START Given data

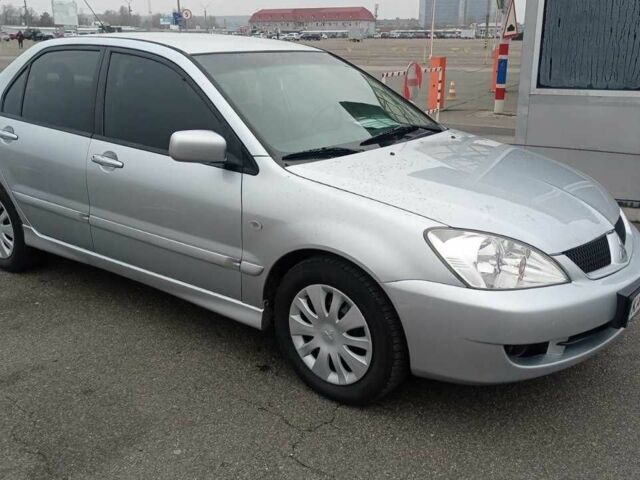 Сірий Міцубісі Lancer, об'ємом двигуна 1.6 л та пробігом 225 тис. км за 5500 $, фото 1 на Automoto.ua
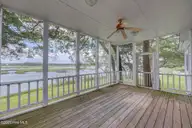 112 Coastal Bluffs Court, Hampstead, NC 28443 — 4-bedroom waterfront home in Olde Point, Hampstead, NC, photo 22 of 37: Screened Porch
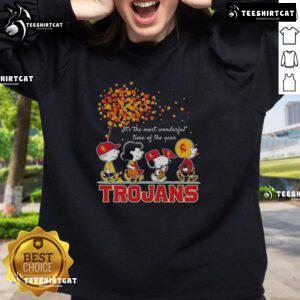 Alt Text: Happy Snoopy and friends in Trojans sports team autumn sweatshirt celebrating the most wonderful time of the year.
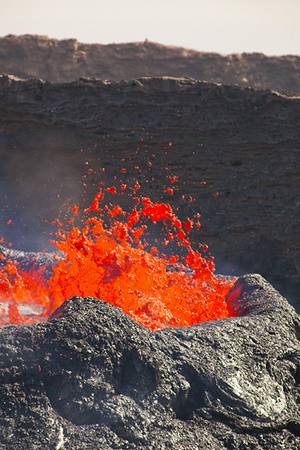 Magmatic gas escapes from the lava lake and creates spectacular fountains. The liquid lava is thrown many meters into the air, bursting into thousands of fragments. When liquid pieces are torn by the expanding escaping gas, lava is often torn into thin glassy threads, so-called Pele's hair. (Photo: Tom Pfeiffer)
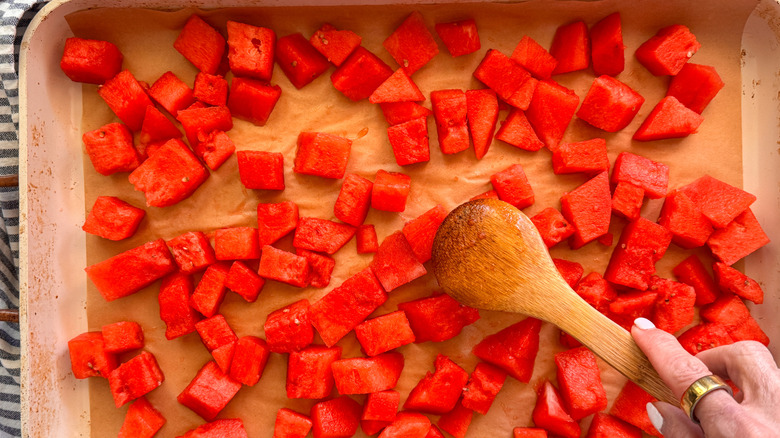 wooden spoon spreading watermelon chunks on sheet pan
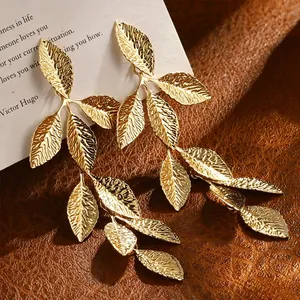 Close-up detail of golden textured leaf-shaped long drop earrings in vintage style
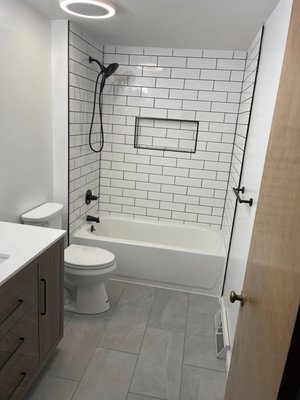 Mike's Bathroom - This bathroom was a full gut all the way to the studs. Upgraded everything behind the walls. Pick larger tile for the floor & large subway tile for the shower. The black grout & fixtures really tie everything together. Mike's Bathroom - This bathroom was a full gut all the way to the studs. Upgraded everything behind the walls. Pick larger tile for the floor & large subway tile for the shower. The black grout & fixtures really tie everything together.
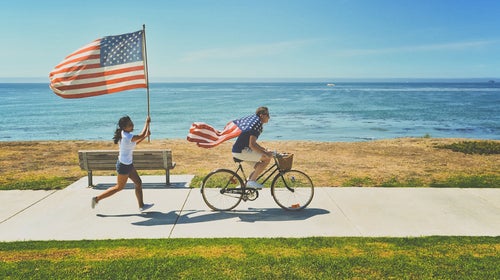 A proud sidewalk cyclist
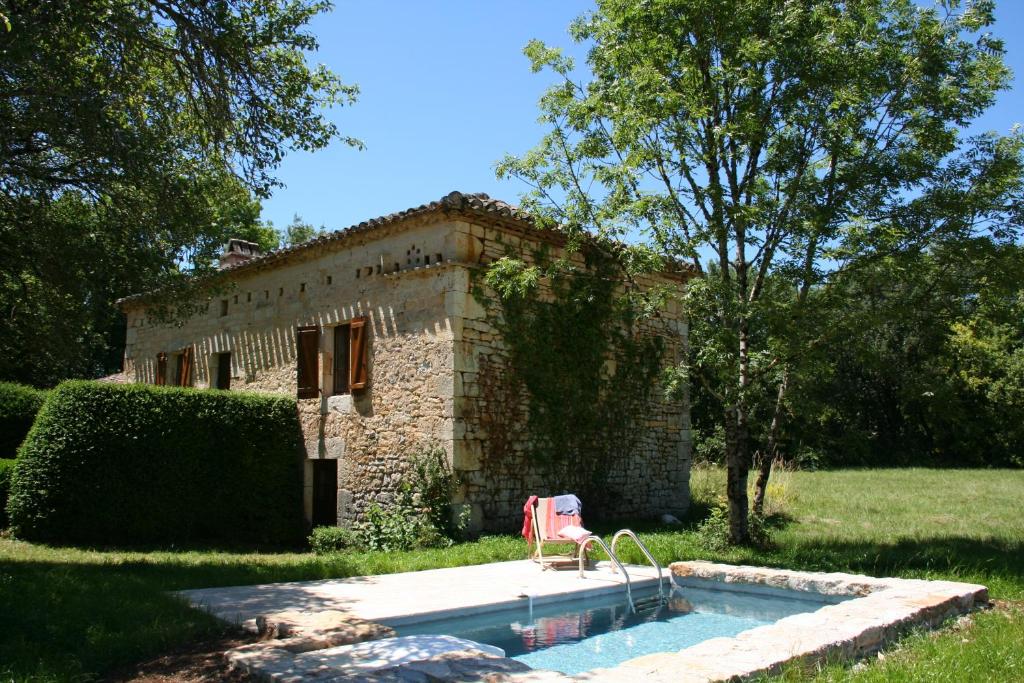 una casa con piscina y una silla frente a ella en Les Gîtes du Mas d'Aspech en Belmont-Sainte-Foi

END Given data

### Task prompt
Of the lines above, copy only those from the one holding "Alt Text: Happy" to the one holding "wooden spoon spreading", both included, and exclude every image.

### Task answer
 Alt Text: Happy Snoopy and friends in Trojans sports team autumn sweatshirt celebrating the most wonderful time of the year.
 Magmatic gas escapes from the lava lake and creates spectacular fountains. The liquid lava is thrown many meters into the air, bursting into thousands of fragments. When liquid pieces are torn by the expanding escaping gas, lava is often torn into thin glassy threads, so-called Pele's hair. (Photo: Tom Pfeiffer)
 wooden spoon spreading watermelon chunks on sheet pan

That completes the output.